### DATASET SECTION
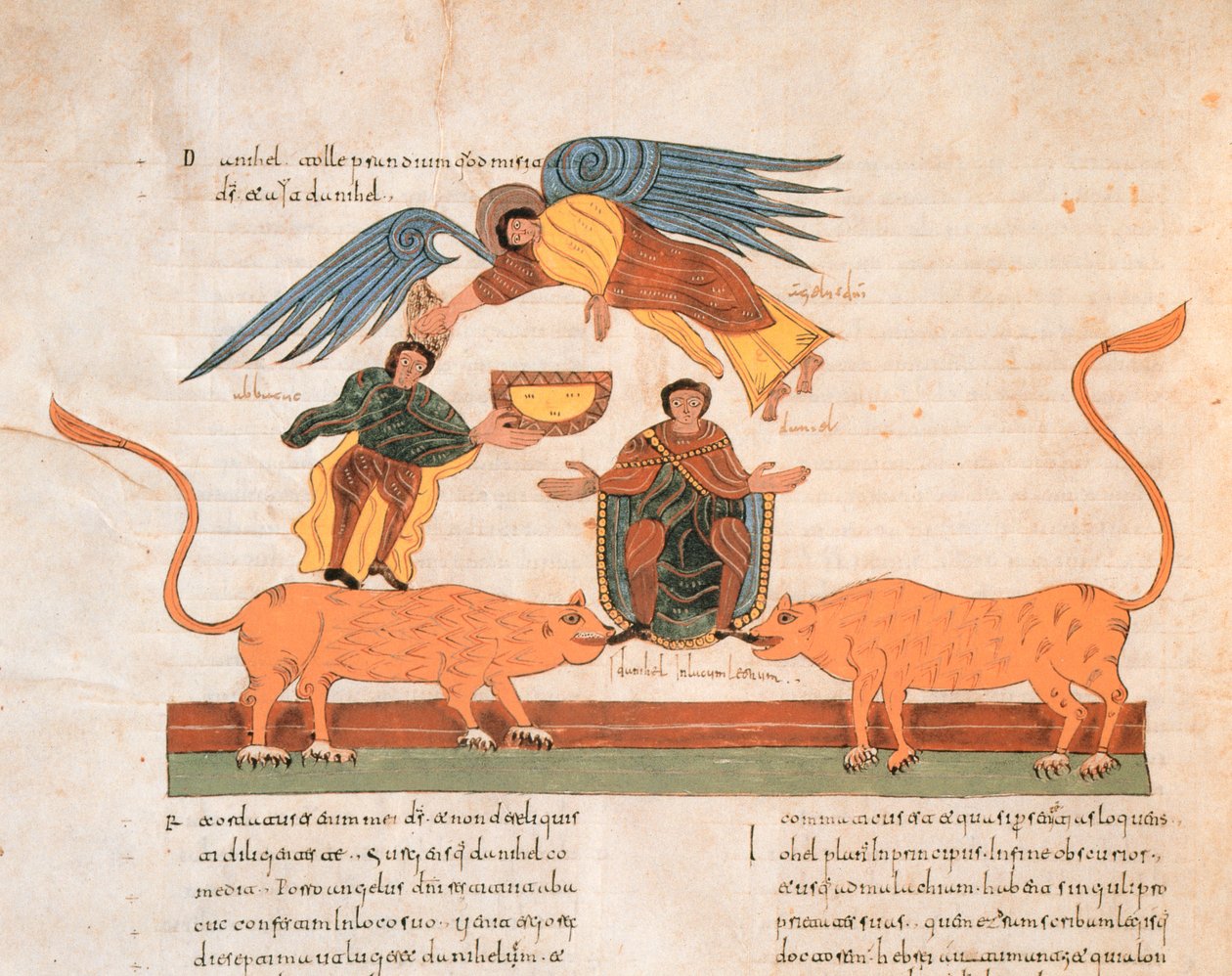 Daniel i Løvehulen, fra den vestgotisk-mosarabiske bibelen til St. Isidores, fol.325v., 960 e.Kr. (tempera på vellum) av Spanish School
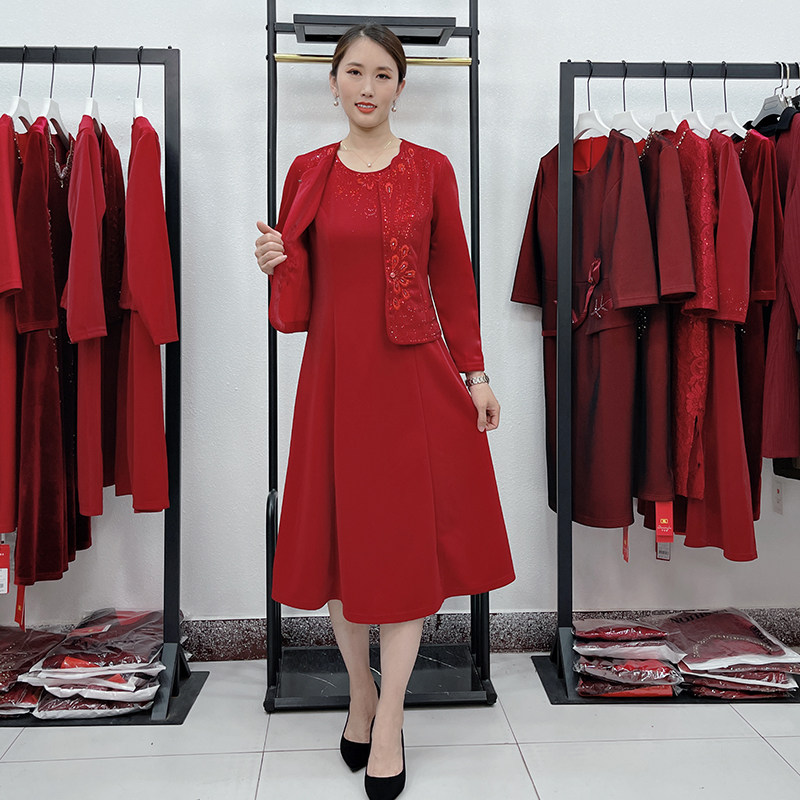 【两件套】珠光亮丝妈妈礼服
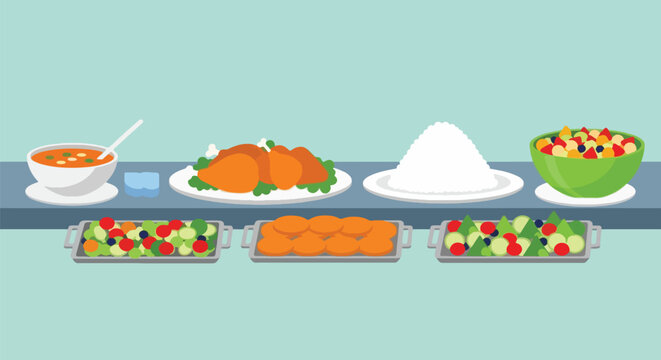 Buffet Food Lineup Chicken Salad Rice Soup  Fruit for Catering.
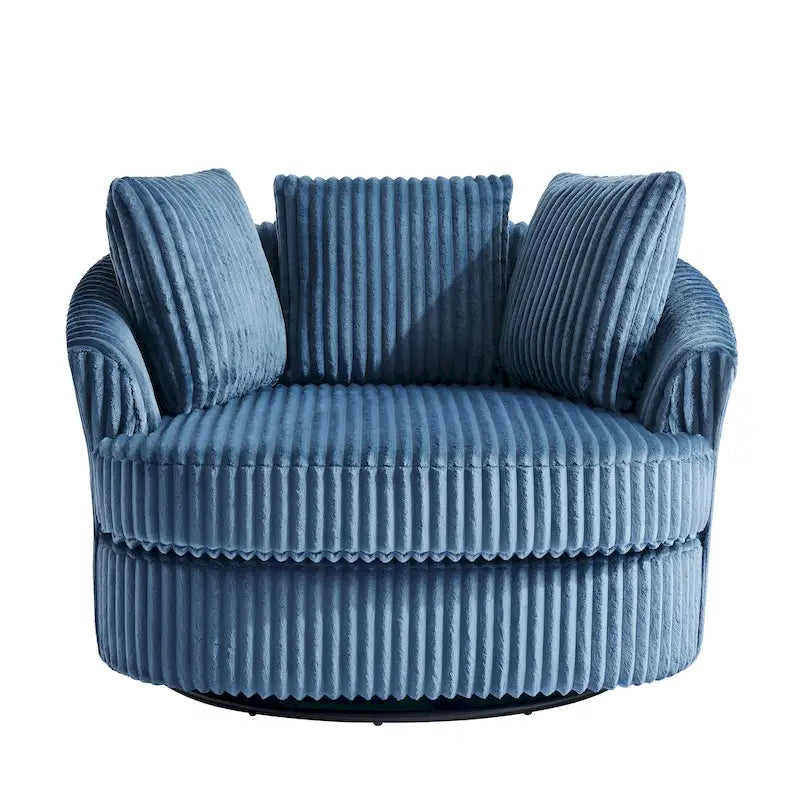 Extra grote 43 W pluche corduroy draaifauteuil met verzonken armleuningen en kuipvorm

### EXERCISE DETAILS
Skip the pictures, then return the rest of the data exactly.

### WRITTEN ANSWER
 Daniel i Løvehulen, fra den vestgotisk-mosarabiske bibelen til St. Isidores, fol.325v., 960 e.Kr. (tempera på vellum) av Spanish School
 【两件套】珠光亮丝妈妈礼服
 Buffet Food Lineup Chicken Salad Rice Soup  Fruit for Catering.
 Extra grote 43 W pluche corduroy draaifauteuil met verzonken armleuningen en kuipvorm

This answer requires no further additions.